Reciclagem


Quem nunca disse que gostaria de passar uma borracha no passado? Como se fosse possível – ou mesmo plausível – apagar tudo que já vivemos. Todos temos esse delírio meio Eternal Sunshine of the Spotless Mind vez ou outra. Parece mais fácil, menos doloroso. Mas seria um grande erro. Mesmo as situações mais cruéis ou traumáticas por que passamos são importantes. Porém, não podemos nos agarrar a elas em definitivo. Tudo tem um prazo de validade.

Por isso que eu, particularmente, prefiro pensar na vida como uma constante reciclagem. Não podemos simplesmente fingir que algo não aconteceu. Mas, é um exercício de coragem separar o que deve ser eliminado e o que deve ser mantido. Aquilo que não nos tem mais serventia, ou até que é tóxico, sim, pode (e deve) ser jogado fora. Já o que ainda pode ser útil, reaproveitado, reformado, remodelado, recolorido, deve ser reutilizado. Não como se o passado fosse um museu, mas, sim, como estruturas de uma obra em andamento.

Gosto de pensar que a cada dia estamos escrevendo nossa história. Ora rascunhando, ora passando a limpo. Ora deixando o coração se expressar livremente, ora corrigindo a ortografia e pondo os pingos nos is. Nada está pronto. A realidade é um quadro inacabado. E pode ser que amanhã já não nos sirva mais algo que parece indispensável hoje.

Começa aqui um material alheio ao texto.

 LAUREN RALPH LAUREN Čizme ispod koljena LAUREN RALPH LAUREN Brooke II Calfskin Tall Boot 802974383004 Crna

Mas, é importante se desapegar do que já se tornou só um estorvo tomando poeira num canto ou uma página amassada do caderno de rabiscos.

No fim das contas, o essencial é nunca se esquecer a moral da história, a lição aprendida, e utilizá-la para tomar decisões mais sábias no futuro – ao invés de viver repassando o filme todo na memória, revirando detalhes menores ou irrelevantes para o contexto final.